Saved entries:
———
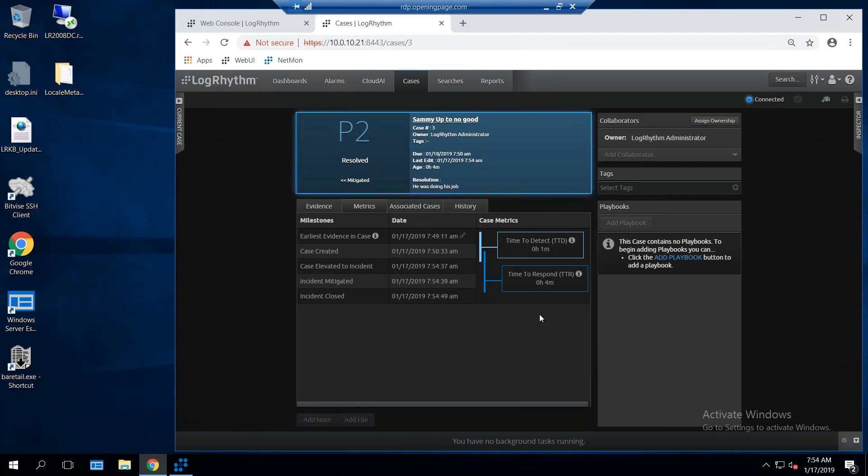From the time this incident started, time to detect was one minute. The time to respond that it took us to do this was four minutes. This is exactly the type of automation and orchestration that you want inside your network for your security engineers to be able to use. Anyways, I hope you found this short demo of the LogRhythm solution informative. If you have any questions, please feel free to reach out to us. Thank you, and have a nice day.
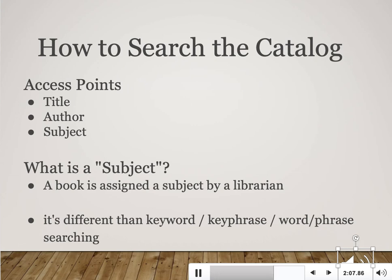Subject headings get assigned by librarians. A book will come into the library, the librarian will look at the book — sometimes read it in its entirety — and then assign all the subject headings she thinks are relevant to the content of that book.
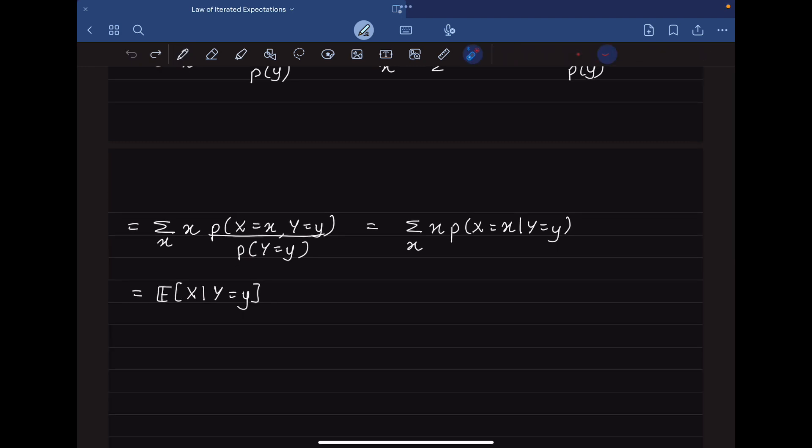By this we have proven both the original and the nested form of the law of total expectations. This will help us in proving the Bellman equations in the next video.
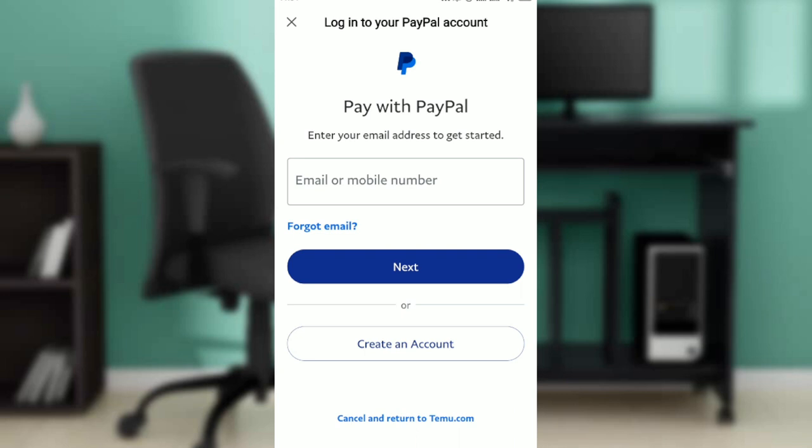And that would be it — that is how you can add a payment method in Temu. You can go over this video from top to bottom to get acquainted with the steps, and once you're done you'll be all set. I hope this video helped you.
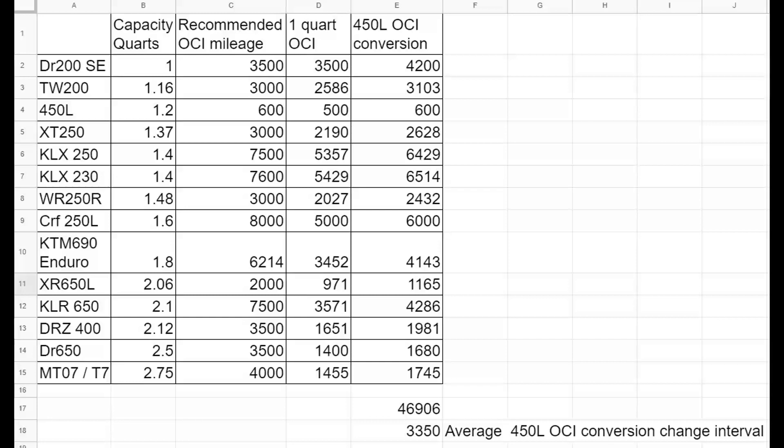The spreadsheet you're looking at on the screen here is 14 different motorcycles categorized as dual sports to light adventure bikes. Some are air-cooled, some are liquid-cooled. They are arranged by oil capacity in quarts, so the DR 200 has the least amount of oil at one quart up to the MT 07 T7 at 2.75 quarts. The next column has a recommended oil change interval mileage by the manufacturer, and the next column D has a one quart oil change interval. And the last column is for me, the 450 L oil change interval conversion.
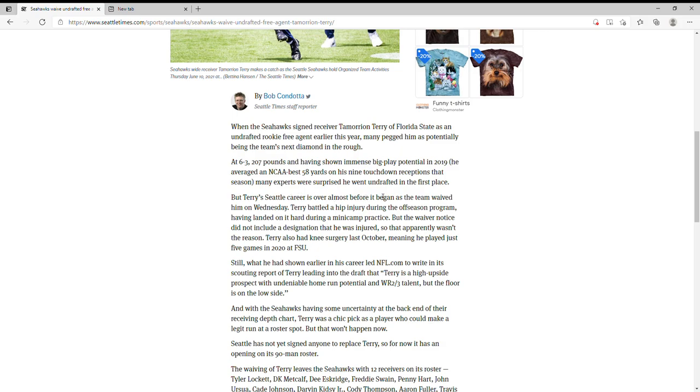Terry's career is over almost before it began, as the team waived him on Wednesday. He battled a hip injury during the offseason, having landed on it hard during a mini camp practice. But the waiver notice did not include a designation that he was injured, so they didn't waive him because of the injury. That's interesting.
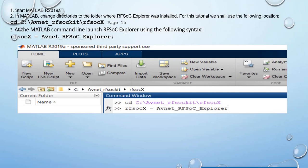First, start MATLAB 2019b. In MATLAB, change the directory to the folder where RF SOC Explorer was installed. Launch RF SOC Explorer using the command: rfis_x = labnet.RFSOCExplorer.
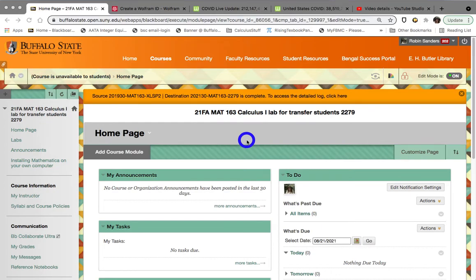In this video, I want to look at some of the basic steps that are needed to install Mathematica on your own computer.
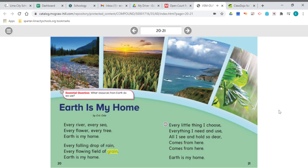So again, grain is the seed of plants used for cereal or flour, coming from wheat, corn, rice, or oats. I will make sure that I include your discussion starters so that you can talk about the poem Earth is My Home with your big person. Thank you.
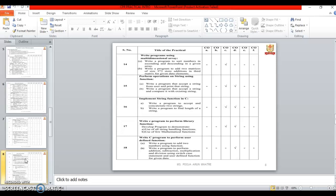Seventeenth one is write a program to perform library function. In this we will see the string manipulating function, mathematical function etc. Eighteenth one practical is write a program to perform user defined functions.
———
▶ _What is needed_:
If an entry holds a picture, leave the picture out and repeat the rest exactly.

▶ _Solved problem_:
From the time this incident started, time to detect was one minute. The time to respond that it took us to do this was four minutes. This is exactly the type of automation and orchestration that you want inside your network for your security engineers to be able to use. Anyways, I hope you found this short demo of the LogRhythm solution informative. If you have any questions, please feel free to reach out to us. Thank you, and have a nice day.
Subject headings get assigned by librarians. A book will come into the library, the librarian will look at the book — sometimes read it in its entirety — and then assign all the subject headings she thinks are relevant to the content of that book.
By this we have proven both the original and the nested form of the law of total expectations. This will help us in proving the Bellman equations in the next video.
And that would be it — that is how you can add a payment method in Temu. You can go over this video from top to bottom to get acquainted with the steps, and once you're done you'll be all set. I hope this video helped you.
The spreadsheet you're looking at on the screen here is 14 different motorcycles categorized as dual sports to light adventure bikes. Some are air-cooled, some are liquid-cooled. They are arranged by oil capacity in quarts, so the DR 200 has the least amount of oil at one quart up to the MT 07 T7 at 2.75 quarts. The next column has a recommended oil change interval mileage by the manufacturer, and the next column D has a one quart oil change interval. And the last column is for me, the 450 L oil change interval conversion.
Terry's career is over almost before it began, as the team waived him on Wednesday. He battled a hip injury during the offseason, having landed on it hard during a mini camp practice. But the waiver notice did not include a designation that he was injured, so they didn't waive him because of the injury. That's interesting.
First, start MATLAB 2019b. In MATLAB, change the directory to the folder where RF SOC Explorer was installed. Launch RF SOC Explorer using the command: rfis_x = labnet.RFSOCExplorer.
In this video, I want to look at some of the basic steps that are needed to install Mathematica on your own computer.
So again, grain is the seed of plants used for cereal or flour, coming from wheat, corn, rice, or oats. I will make sure that I include your discussion starters so that you can talk about the poem Earth is My Home with your big person. Thank you.
Seventeenth one is write a program to perform library function. In this we will see the string manipulating function, mathematical function etc. Eighteenth one practical is write a program to perform user defined functions.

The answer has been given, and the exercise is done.